The Hard Truth About Relationship

Bismillahirrahmanirrahim

The hard truth about realtionship adalah bahwasanya hubungan antar dua orang bisa berubah seiring berjalannya waktu atau seiring hadirnya orang lain dalam hubungan itu. Iya, ini adalah keniscayaan yang tidak bisa dihindari dan kita harus siap dengan hal ini.

Merpati kala itu


Renungan ini muncul ketika aku mengamati betapa banyak yang hubungan dengan orangtuanya merenggang seiring ia beranjak dewasa. Padahal aku yakin, ketika kecil, si anak pasti sangat membutuhkan orang tuanya dan bahkan akan mencari orang tuanya walau telah dimarahi/dilukai sekalipun.

Aku melihat Hafshah yang selalu mencariku walau kadang aku khilaf marah kepadanya. Seolah dia tidak ingat akan kemarahanku dan tidak segan untuk mendekat. Dan aku yakin setiap anak manusia demikian adanya. Sesimpel karena anak punya kebutuhan survive. Dia akan kesulitan survive jika tidak ada orang dewasa yang merawatnya sehingga bagaimanapun ia tidak mau terdiskoneksi dengan ornag dewasa tersebut.

Hafshah suka buku Homeschooling karya Bu DK. Belajar parenting sejak dini hehe.


Hal ini juga terjadi di pertemanan. Yang aku amati, biasanya seseorang akan merasa nyaman berteman dekat dengan mereka yang mengalami fase hidup yang sama. Coba lihat sekeliling kita, siapa sih yang saat ini menjadi teman kita? Mayoritas paling sesama ibu-ibu yang fase hidupnya sedang di tahap yang sama. Mengapa? Karena kita merasa relate dan obrolannya nyambung bukan?

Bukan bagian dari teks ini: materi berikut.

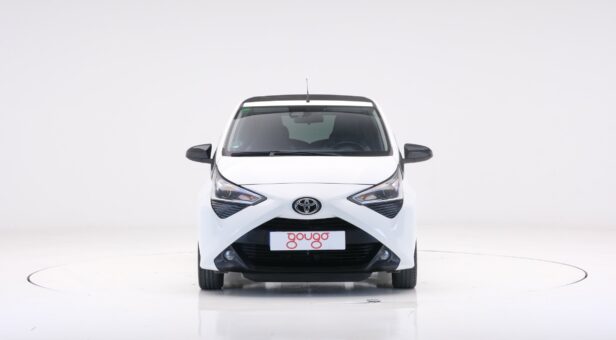 TOYOTA AYGO MINICOCHE 1.0 VVT-I X-PLAY 72 5p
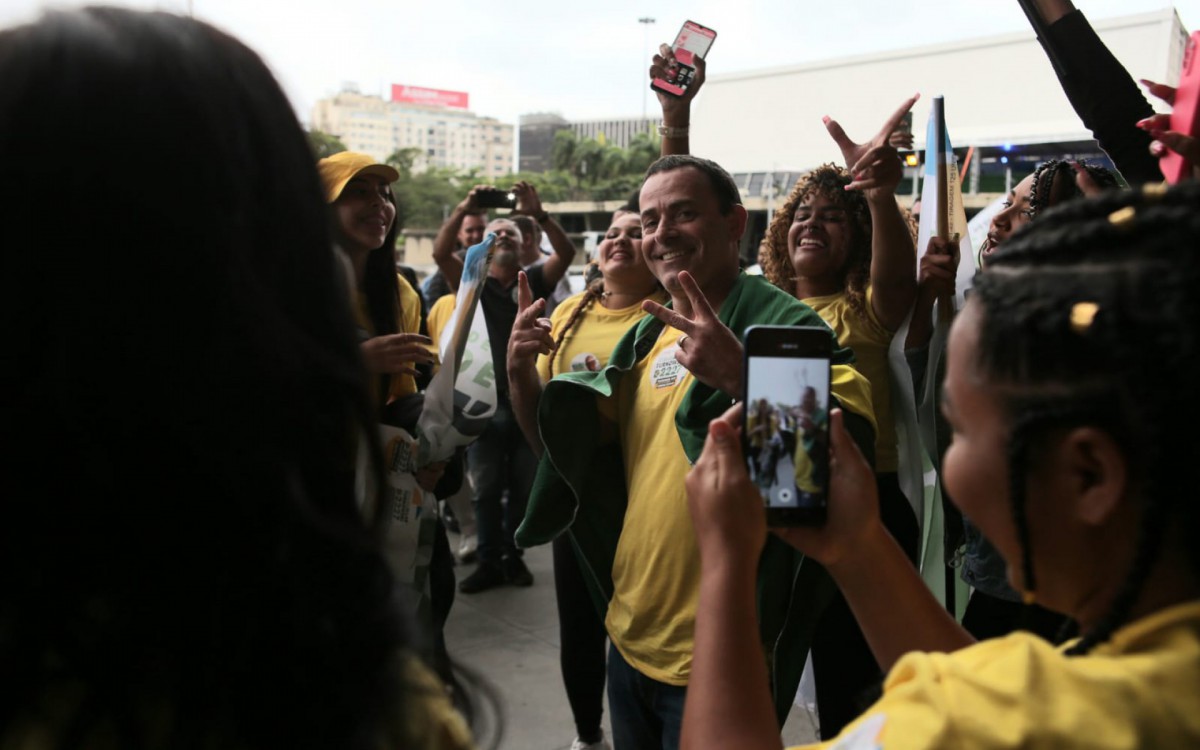 O ex-secretário de Polícia Civil Allan Turnowski posa com apoiadores no MAM - Cleber Mendes / Agência O Dia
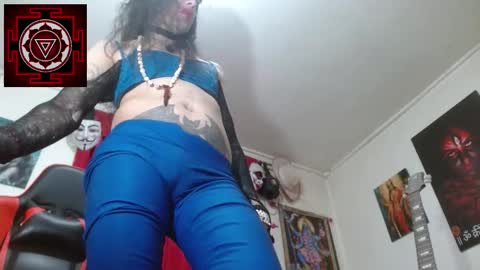 Snapshot of amanda_valeska chatting on 11/06/25, 04:08 Amanda Valeska online show from 11/06/25, 04:08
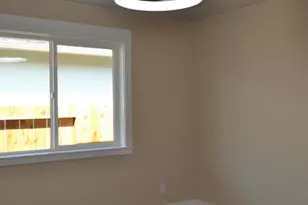 955 SW Buckmaster Dr, Grants Pass, OR 97527 - Photo 22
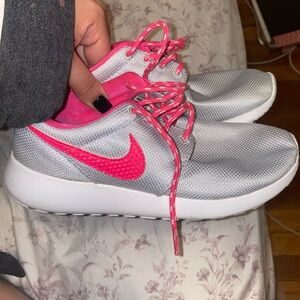 Kids Nike Running shoes 👧🏻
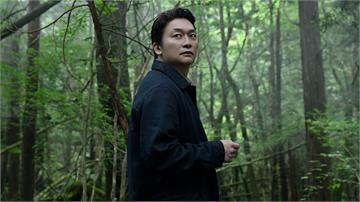 男星片場重摔遭石頭撞擊！他咬牙苦撐演完戲 驚曝「真的受傷了」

The hard truth happen ketika salah satu di antara kita telah berbeda fase. Dulu aku pernah merasa kehilangan temanku yang hamil duluan. Aku merasa kehilangannya karena kala itu aku masih susah hamil dan dia telah sibuk dengan urusan perhamilan, perbayian, dan semisalnya.

Hubungan kami sempat merenggang karena sudah berbeda obrolan. Sampai pada akhirnya Alhamdulillah aku hamil dan biidznillah obrolan kami menjadi sama kembali.

Si pengamat. Kepribadian plek ketiplek bapak.

The hard truth also happen in marriage. Aku punya teman yang orang tuanya mengatakan bahwa kasih sayang kepada anak dan pasangan itu berbeda dan ternyata lebih besar kepada anak. Sedih? Namun, inilah realitanya. Pasangan yang tadinya adalah segalanya menjadi turun posisinya setelah kehadiran anak. Mungkin tidak semua keluarga seperti ini, tetapi sepertinya mayoritas keluarga mengalami hal ini. Terlihat dari begitu besarnya pengorbanan ayah atau ibu kepada anaknya yang tidak sebesar kepada pasangannya.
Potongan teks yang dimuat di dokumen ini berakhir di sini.